L’ipotesi di demolizione avanzata da taluni, ad oggi non ci sembra sia fondata su basi razionali e su adeguate considerazioni tecniche, economiche e sociali, per non parlare delle valutazioni sul valore anche culturale dell’opera.
È qui il caso di chiedersi: si sono adeguatamente valutate le conseguenze di una demolizione in termini di costo di demolizione, di smaltimento dei materiali e dell’impatto dello stesso sul territorio? Si sono stimati i costi di costruzione di una strada alternativa e della reale e concreta possibilità di realizzazione, tenuto conto dei vincoli gravanti sull’area? Si è valutato l’impatto in termini di qualità dei collegamenti sulla popolazione che un eventuale eliminazione del viadotto produrrebbe?
L’Ordine degli Ingegneri, vuole contribuire al dibattito aperto sul futuro dei viadotti Akragas, ma lo vuole fare sulla scorta di valutazioni tecnicamente rigorose, che coinvolgano certamente aspetti inerenti la sicurezza statica, la pubblica incolumità ma che non prescindano da valutazioni di carattere strategico, culturale, economico e sociale, ritenendo che solo una sintesi di questi aspetti potrà condurre ad una soluzione condivisa.
Questo Ordine sente il dovere morale e civico, pertanto, di dover tornare a ribadire, sotto il profilo squisitamente tecnico, che, ad oggi: IL VIADOTTO AKRAGAS E’INSOSTITUIBILE!
non esistendo alcuna concreta ipotesi alternativa. Il rischio che si intravede nell’immediato è che l’opera rimanga chiusa a tempo indeterminato, abbandonata a sé stessa, facendo ripiombare la viabilità cittadina e provinciale ad oltre 50 anni fa, ma con i flussi di traffico di oggi – già pesantemente in crisi per le concomitanti criticità -. Può un Paese tecnologicamente avanzato come il nostro arrendersi di fronte alle problematiche tecniche di una manutenzione, per quanto complessa, o deve forse accettare la sfida di innalzare il livello dei servizi?
Alla luce di tali considerazioni questo Ordine ritiene, quindi, di dover consigliare, senza polemica, alla politica di fermarsi a riflettere se la pericolosa china che sembra abbia frettolosamente intrapreso sia realmente ciò di cui il territorio abbia bisogno. Sia chiaro che gli Ingegneri non sono pregiudizialmente contrario ad una ipotesi di demolizione se le condizioni di sicurezza del ponte non potranno essere garantite ai cittadini – nessun valore è barattabile dinnanzi alle vite umane – ma ad oggi non vi è alcuno studio che vada in questa direzione. Anzi, ribadiamo che l’esistenza di una progettualità esecutiva di recupero realizzata da Anas testimonia il contrario.
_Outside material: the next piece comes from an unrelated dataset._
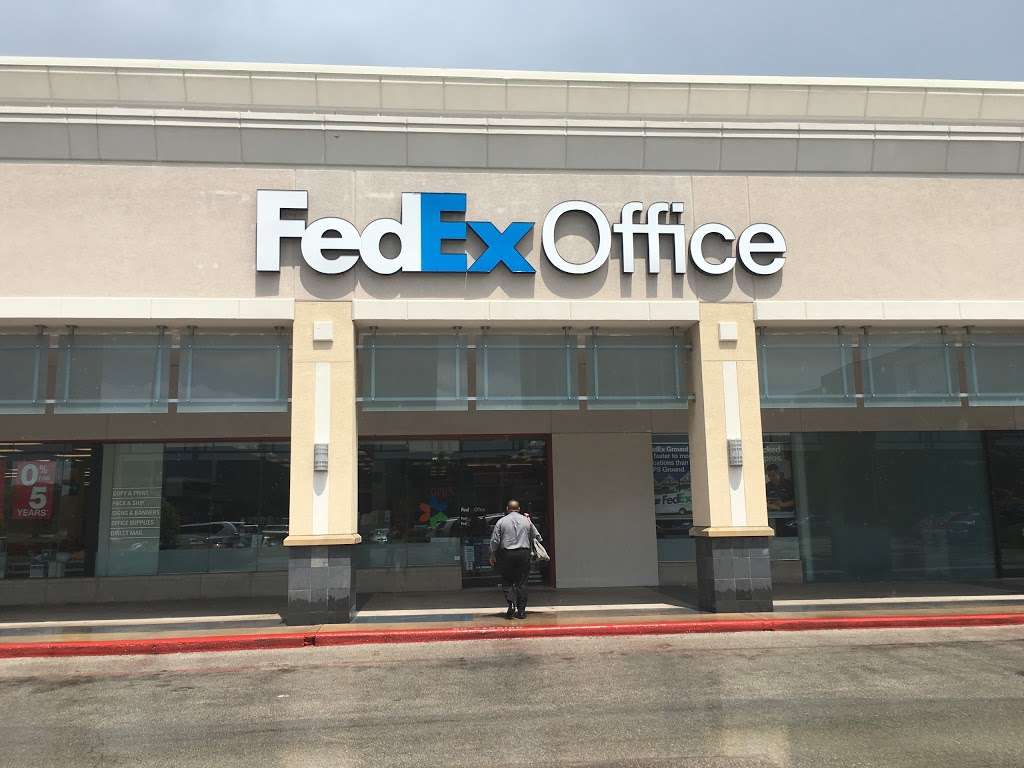 FedEx Office Print & Ship Center | 1703 Post Oak Blvd, Houston, TX 77056, USA | Phone: (713) 439-1113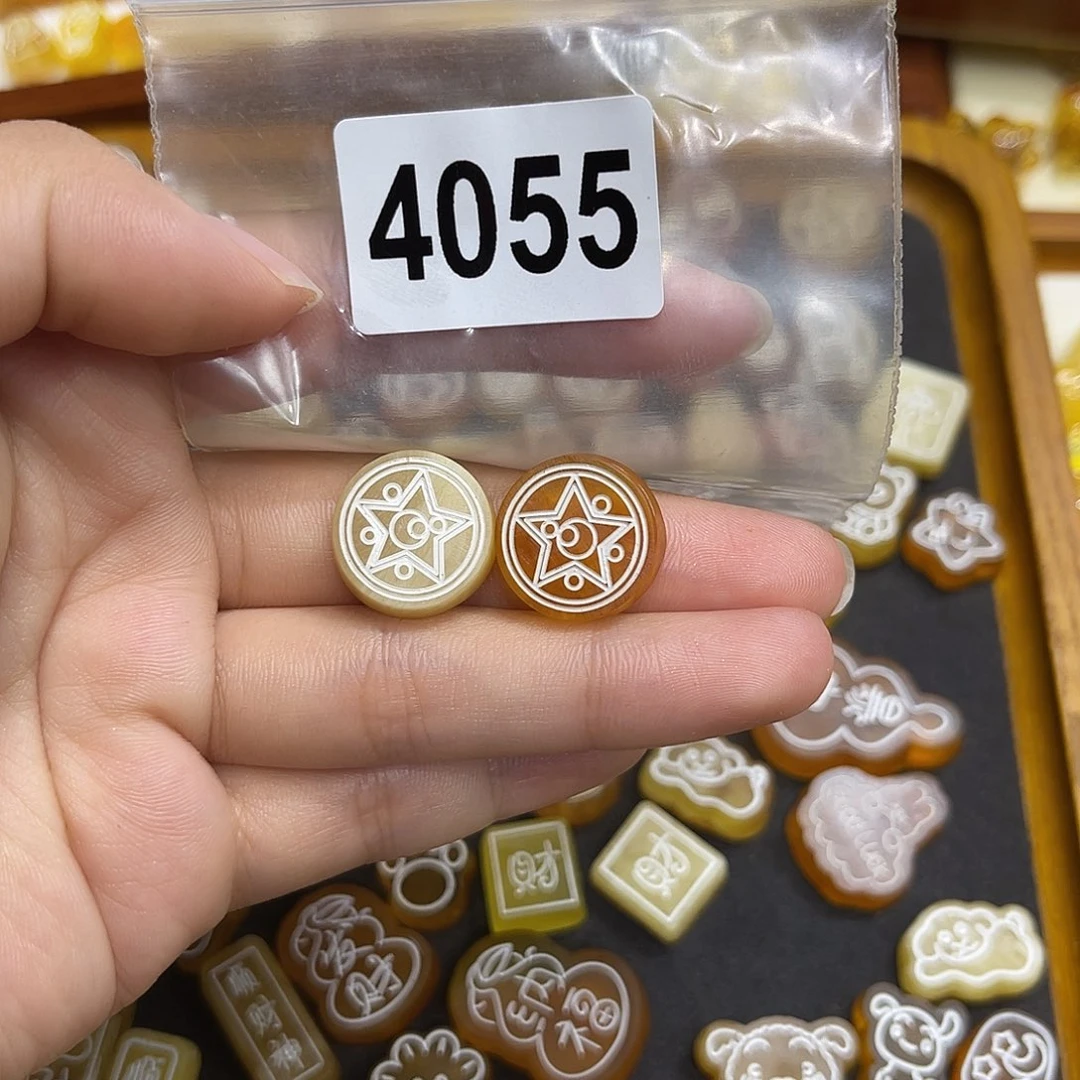 小****琥珀未镶嵌珠宝奇石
Importante è, certamente, ragionare delle “condizioni di salute”dei viadotti Akragas, come tassello di un puzzle più vasto che coinvolge tutte le opere infrastrutturali e il patrimonio delle Pubbliche Amministrazioni, (si pensi per esempio agli edifici scolastici), di cui devono essere garantiti sicurezza e fruibilità.
Circa la questione relativa all’impatto ambientale, recentemente tornata di strettissima attualità, osserviamo che ogni infrastruttura impatta sul territorio, seppure in diverso modo, e che pur non essendovi la sensibilità al tema che oggi noi possediamo all’epoca di realizzazione dei viadotti, questo si caratterizza per un utilizzo essenziale delle forme strutturali non solo rispetto ai viadotti attuali ma anche a quelli coevi alla realizzazione dell’opera, distinguendosi da queste per il minore impatto ambientale e paesaggistico, segno ulteriore del genio del Morandi e di una sua precisa scelta in questa direzione. Il tutto in un’area di sicuro valore archeologico, ma nella quale insistono civili abitazioni e opere pubbliche.
Interesse primario degli Ingegneri è, in conclusione, garantire che si tengano in opportuno conto le valutazioni ed evidenze tecniche prima di assumere una scelta tanto impattante sull’interesse collettivo, per le quali saremo giudicati dalle generazioni future assumendoci la responsabilità di avere saputo guardare al futuro o di averne avuto paura”.